1.  g-tube surgically invasive -- ng tube not
2.  g-tube less chance of aspiration into lungs
3.  g-tube is not as obvious to the onlooker as a ng tube (unless you are feeding) as the ng tube is usually taped to the face of the infant/child and the g-tube is usually covered by clothes.
 4.  Ng tube is readily accessible to the infant who may pull it out. Although the infant can pull the g-tube out it is less likely.
 5.  Some types of g-tubes can only be placed in by special tools and a physician.
 6.  Both tubes can produce oral defensiveness.
 7.  Occasionally another procedure must be done along with or following the surgery for g-tube (there are also other reasons for this procedure).
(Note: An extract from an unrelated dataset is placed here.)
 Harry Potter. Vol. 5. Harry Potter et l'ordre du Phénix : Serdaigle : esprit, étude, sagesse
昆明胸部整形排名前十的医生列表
It is called a fundoplication and is done because the sphincter from the esophagus to the stomach is weak and the contents of the stomach may go back up through the sphincter (valve) and back into the esophagus causing them to throw back up (reflux). Basically in very simplistic terms they wrap the stomach around the esophagus making it much more difficult for the stomach contents to go back up.
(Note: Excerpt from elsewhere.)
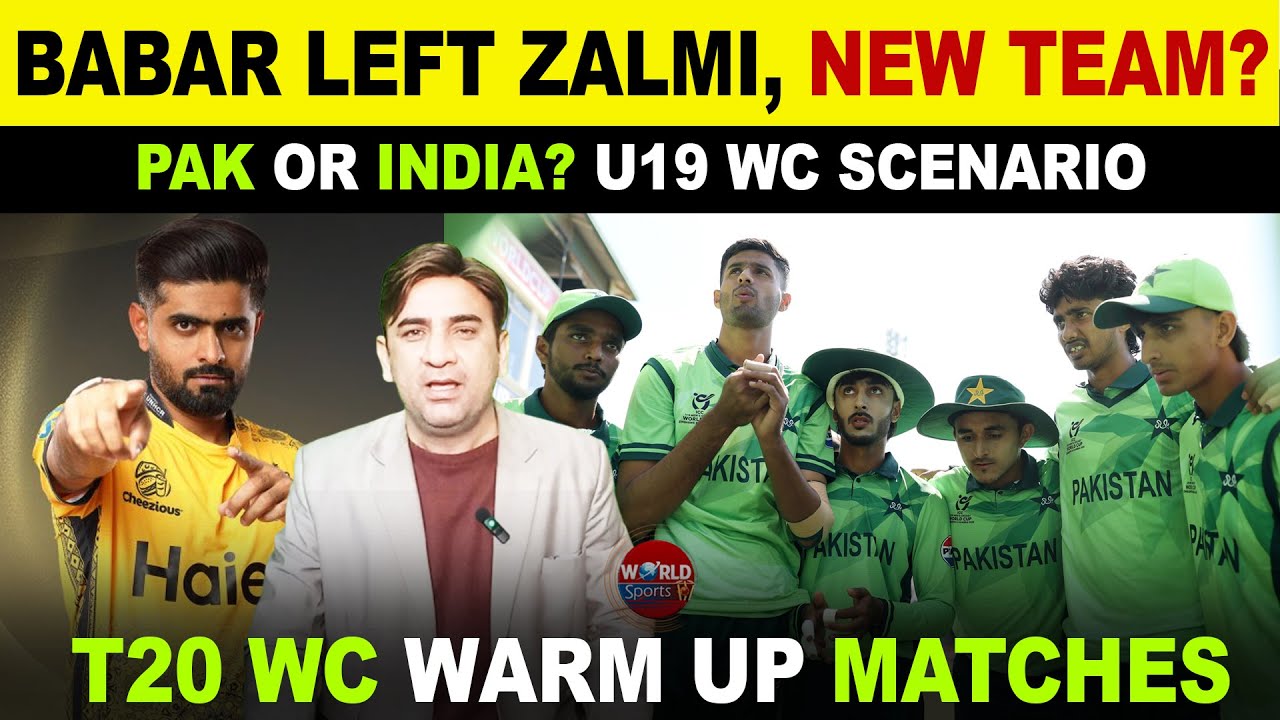 PSL 2026: Babar Azam left Peshawar Zalmi | PAK vs IND U19 Semi-Final Scenario | T20 WC 2026 Warm-Ups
Which would I have preferred...gosh that is a hard one. Meghann was ripping the ng-tube out at 3 days of age and I was scared to death that I would not be able to get the tube back down her or she would get it pulled up a little too much and the milk would get into her lungs etc etc. But I also felt that she would have it for a long time. And although 6 months is a long time I think the physicians thought she would have it much longer. I have found that a lot of PRS infants that have feeding problems at birth (some don't or it is very mild) often do better with the g-tube. I don't know why they do better on it versus the ng-tube but this has been my experience. I'm not saying that you should get it (the g-tube) because surgery for any reason is a risk, but you need to get what info is available about the prognosis is for the child in feeding via the mouth enough to ward against weight loss and failure to thrive. If they feel that in a couple of months she/he will be able to feed "normally" then I would not have the surgery, but if there is a real case of we really don't know WHEN or we are looking at long term usage. I would consider the surgery. This is just a personal opinion.